次の区民館の現場に行くまでに時間があったのでコンビニに寄り朝食と昼食を先に買った。路駐駐車をしていたので僕は車の中で社長が帰ってくるのを待っていた。そのときに田辺は見てしまった。コンビニに入る前の大通りで社長は誰もいないことを確認して立ちションベンをしていた。

田辺は絶望して車の中で膝を見つめていた。

この日の仕事は15時頃に終わり家に帰り少し仮眠をとり、小説を読んでいた。

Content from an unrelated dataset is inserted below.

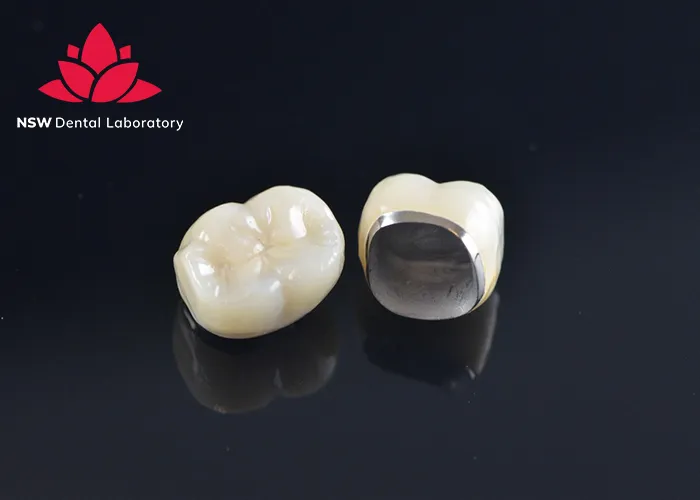 Anterior-Crowns-Done-Right-The-Ultimate-Step-by-Step-Guide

なにか有名な賞を受賞した作家の本を暇つぶしに買っていて、読むのが面倒になり机の上に置いたままだった。心が傷ついていたのか何かに取り憑かれるように田辺は小説を読み、全く読み進めることができなった小説をその日のうちに読み終えていた。その小説の中では世界に恋しているというセリフがあったけど、僕も世界に恋したいと思った。

けど僕の置かれている状況はあまりにも辛く、嗚咽混じりに泣いていた。僕が世界に恋できる日なんて来るのだろうか。

辛い。辛い。

僕は夜にランニングにすることにした。走っていたら少しだけ嫌なことが忘れられる気がした。大きくため息をついてそして笑った。ちょこちょこ走るランニングコース、誰もいないことを確認して大きな声で叫んだ。

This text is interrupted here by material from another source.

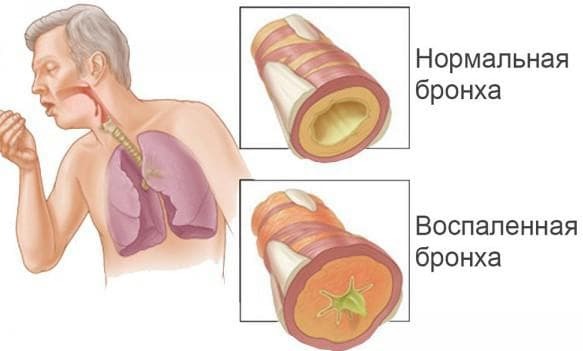 Bronchitis als veroorzaker van hoest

「制服だせー。もっと仕事させろー。社長口もぐもぐ何食べてんだー。もっと面白い話ねぇーのか。清掃屋が立ちしょんべんすんなー。清掃屋が街を汚すなー。俺のあのエネルギーは一体どこへ消えたー」

僕はもう少しだけ笑うことができた。

そしてさっき読んだ題名を忘れたけど、女性の作者の書いた小説の主人公みたいに僕も素直になってみようと思った。

まだ初日だ。

強く生きようじゃないか。そう自分に言い聞かせて早く寝ることにした。